From the table we see that the destructor was created in two contexts.

Full code fragment

Compiler Explorer

#include <iostream>

class Base
{
public: 
  virtual ~Base() {};
  virtual void func1() {}
  virtual void func2() {}
};

class Derived : public Base
{
public:
  void func1() override {}
};

class Derived1 : public Base
{
public:
  void func2() override {}
};

Base bs;
Derived dr;
Derived1 dr1;

We've now figured out how the compiler constructs the table of functions and sets the indices in a static array. A virtual table is simply a passive data structure that exists as a single instance for the entire class. It's just stored in memory. For polymorphism to work, we need a virtual pointer.

Virtual pointer (vptr)

The vptr (virtual methods table pointer) is a hidden data member (a pointer) that the compiler automatically adds to any base class containing at least one virtual function. It points to the static table of function addresses (vtable) corresponding to the object specific type at runtime.

How the pointer works

Let's delve a bit into the mechanics. The vptr's operation forms the foundation of dynamic polymorphism in object-oriented languages.

class Base
{
public:
  virtualTable *vptr;
  virtual void func1() {}
  virtual void func2() {}
};

class Derived : public Base
{
public:
  void func1() override {}
};

class Derived1 : public Base
{
public:
  void func2() override {}
};

Let's take the same code and add the virtual pointer at the beginning. It follows three fundamental stages.

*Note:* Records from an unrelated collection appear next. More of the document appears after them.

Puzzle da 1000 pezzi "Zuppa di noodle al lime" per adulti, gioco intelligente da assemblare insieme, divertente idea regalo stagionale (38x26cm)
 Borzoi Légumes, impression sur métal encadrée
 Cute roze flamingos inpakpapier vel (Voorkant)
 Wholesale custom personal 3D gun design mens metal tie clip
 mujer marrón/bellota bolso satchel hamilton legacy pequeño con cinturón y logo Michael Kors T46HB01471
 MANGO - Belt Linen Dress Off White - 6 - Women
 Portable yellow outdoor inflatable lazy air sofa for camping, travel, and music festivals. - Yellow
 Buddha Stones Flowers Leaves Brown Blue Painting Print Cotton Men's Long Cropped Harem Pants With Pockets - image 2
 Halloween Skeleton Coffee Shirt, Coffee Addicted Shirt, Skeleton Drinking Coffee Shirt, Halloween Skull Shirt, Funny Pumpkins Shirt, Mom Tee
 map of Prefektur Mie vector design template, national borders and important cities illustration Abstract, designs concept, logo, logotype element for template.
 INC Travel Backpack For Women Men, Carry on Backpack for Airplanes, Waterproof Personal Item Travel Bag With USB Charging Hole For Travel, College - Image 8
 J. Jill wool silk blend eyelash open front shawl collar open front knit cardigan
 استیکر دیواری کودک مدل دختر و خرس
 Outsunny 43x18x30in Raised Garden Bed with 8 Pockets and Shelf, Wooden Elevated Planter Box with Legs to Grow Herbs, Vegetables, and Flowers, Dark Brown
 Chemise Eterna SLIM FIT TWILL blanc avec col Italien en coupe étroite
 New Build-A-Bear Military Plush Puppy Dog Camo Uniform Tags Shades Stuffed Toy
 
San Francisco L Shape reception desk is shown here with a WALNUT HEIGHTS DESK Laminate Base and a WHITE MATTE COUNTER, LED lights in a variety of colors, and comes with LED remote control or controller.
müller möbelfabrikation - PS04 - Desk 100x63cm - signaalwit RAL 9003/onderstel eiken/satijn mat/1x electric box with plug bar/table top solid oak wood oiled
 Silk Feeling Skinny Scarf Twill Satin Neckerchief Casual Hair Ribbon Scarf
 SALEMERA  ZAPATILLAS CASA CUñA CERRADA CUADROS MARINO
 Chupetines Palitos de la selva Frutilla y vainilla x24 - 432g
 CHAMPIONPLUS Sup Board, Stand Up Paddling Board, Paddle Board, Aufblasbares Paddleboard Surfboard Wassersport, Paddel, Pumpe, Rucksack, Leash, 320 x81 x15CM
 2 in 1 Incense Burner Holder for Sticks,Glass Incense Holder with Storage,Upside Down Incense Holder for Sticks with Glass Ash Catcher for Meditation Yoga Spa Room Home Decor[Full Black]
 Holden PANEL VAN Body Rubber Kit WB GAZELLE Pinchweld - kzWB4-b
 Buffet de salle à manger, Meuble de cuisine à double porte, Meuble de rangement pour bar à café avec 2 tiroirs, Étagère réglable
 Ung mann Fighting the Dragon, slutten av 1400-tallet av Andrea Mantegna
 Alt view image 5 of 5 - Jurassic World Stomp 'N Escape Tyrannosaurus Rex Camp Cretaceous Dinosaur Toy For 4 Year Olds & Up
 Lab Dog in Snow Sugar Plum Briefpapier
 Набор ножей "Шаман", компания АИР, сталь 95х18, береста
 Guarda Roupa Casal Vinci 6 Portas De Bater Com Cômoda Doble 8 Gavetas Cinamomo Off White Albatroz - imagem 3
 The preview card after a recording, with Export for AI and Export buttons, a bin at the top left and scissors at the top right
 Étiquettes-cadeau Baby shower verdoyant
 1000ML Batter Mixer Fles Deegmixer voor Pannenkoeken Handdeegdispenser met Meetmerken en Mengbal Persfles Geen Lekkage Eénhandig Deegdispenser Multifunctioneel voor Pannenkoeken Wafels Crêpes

preparing infrastructure at compile time;
dynamic initialization during object construction;
dispatching calls in real time.

You can see our code represented in the following chart:

When compiling code with virtual functions, the compiler adds a hidden vptr pointer to each object, referencing the virtual function table. For the Base class, it creates a vtable with the addresses of its virtual methods. In derived classes (Derived, Derived1), the compiler replaces the addresses of overridden methods in the table while saving fixed indices for each method. This completes the first stage.

Now we create a class instance via calling:

Base* bs = new Derived();

We are launching a layer-by-layer initialization process that transforms memory into a polymorphic object. First, a block of memory is allocated to store the object data and vptr. The parent class constructor runs first and writes the address of its table into the pointer.

Then the control passes to the Derived constructor. It performs a key operation—it overwrites the pointer value, substituting the address of its own table:

vtable for Derived:
        .quad   0
        .quad   typeinfo for Derived
        .quad   Derived::~Derived() [base object destructor]
        .quad   Derived::~Derived() [deleting destructor]
        .quad   Derived::func1()
        .quad   Base::func2()

By the time all constructors are done, the object becomes stable. Its internal pointer is now firmly linked to the table of the lowest class in the hierarchy. This guarantees that any polymorphic call uses the method version corresponding to an object real type, not the pointer type. We can call this process dynamic initialization during object construction.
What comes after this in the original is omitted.